**SOURCE INFORMATION:**
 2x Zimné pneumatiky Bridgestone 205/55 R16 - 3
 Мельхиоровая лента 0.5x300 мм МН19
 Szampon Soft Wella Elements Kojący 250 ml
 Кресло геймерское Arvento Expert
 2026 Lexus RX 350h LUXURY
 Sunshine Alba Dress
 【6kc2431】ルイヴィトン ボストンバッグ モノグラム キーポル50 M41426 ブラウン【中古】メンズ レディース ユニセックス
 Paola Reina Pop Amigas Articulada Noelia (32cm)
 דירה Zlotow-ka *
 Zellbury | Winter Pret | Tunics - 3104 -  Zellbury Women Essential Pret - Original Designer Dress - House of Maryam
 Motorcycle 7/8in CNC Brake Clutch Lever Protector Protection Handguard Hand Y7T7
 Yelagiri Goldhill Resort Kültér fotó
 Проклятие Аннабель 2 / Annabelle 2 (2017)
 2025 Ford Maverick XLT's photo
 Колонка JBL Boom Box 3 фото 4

**ASSIGNED TASK:**
Write out again exactly the lines that run from the one holding "Motorcycle 7/8in CNC" through the last line of the data; omit all other lines.

**OUTPUT OF THE EXERCISE:**
 Motorcycle 7/8in CNC Brake Clutch Lever Protector Protection Handguard Hand Y7T7
 Yelagiri Goldhill Resort Kültér fotó
 Проклятие Аннабель 2 / Annabelle 2 (2017)
 2025 Ford Maverick XLT's photo
 Колонка JBL Boom Box 3 фото 4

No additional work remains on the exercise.